Problem details: Below are some records. Retype exactly the lines from the one containing "High quality women's" through the one containing "Antique 1920s Shipping", both included, skipping every picture.

Exercise input:

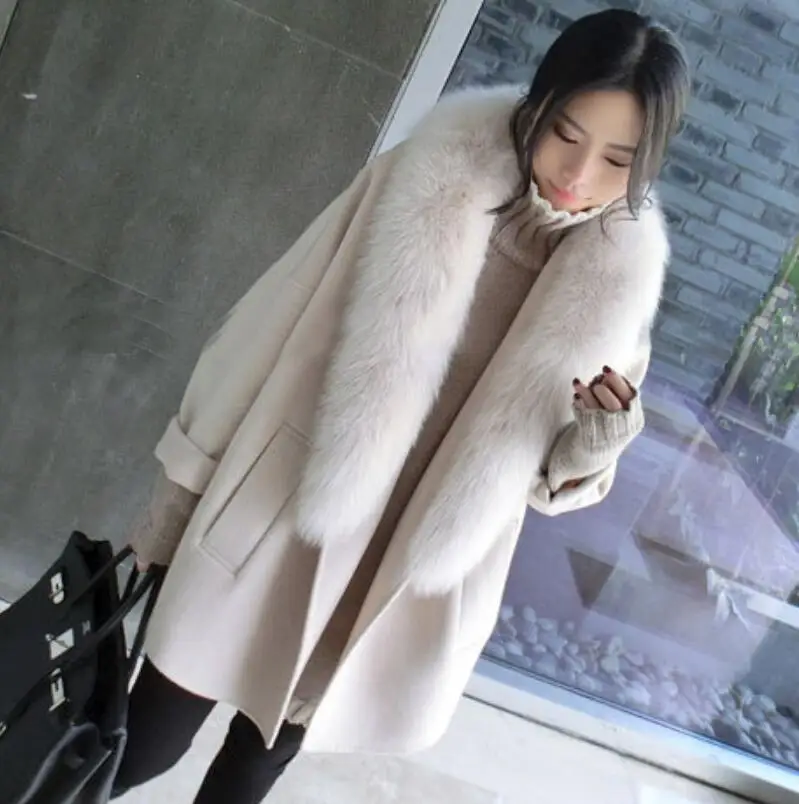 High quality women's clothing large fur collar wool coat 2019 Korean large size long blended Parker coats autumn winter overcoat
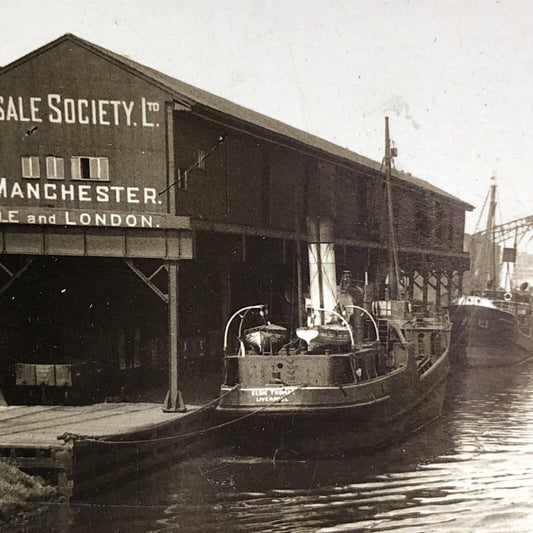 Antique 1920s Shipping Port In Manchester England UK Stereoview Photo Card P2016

---

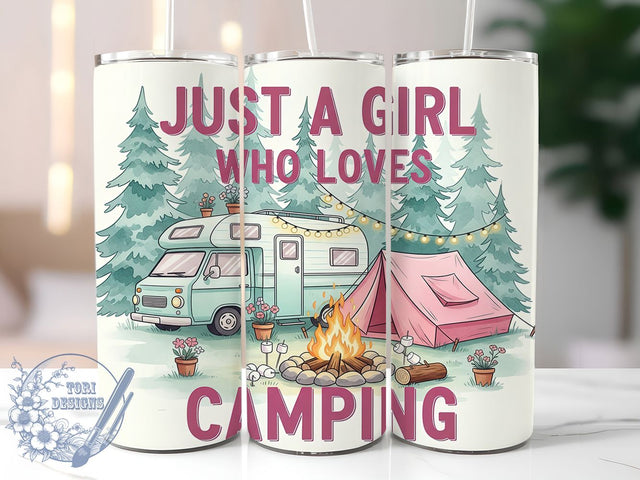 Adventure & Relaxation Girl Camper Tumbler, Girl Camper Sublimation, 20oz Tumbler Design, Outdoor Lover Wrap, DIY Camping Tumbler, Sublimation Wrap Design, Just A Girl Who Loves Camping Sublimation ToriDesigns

Solution for this task:
 High quality women's clothing large fur collar wool coat 2019 Korean large size long blended Parker coats autumn winter overcoat
 Antique 1920s Shipping Port In Manchester England UK Stereoview Photo Card P2016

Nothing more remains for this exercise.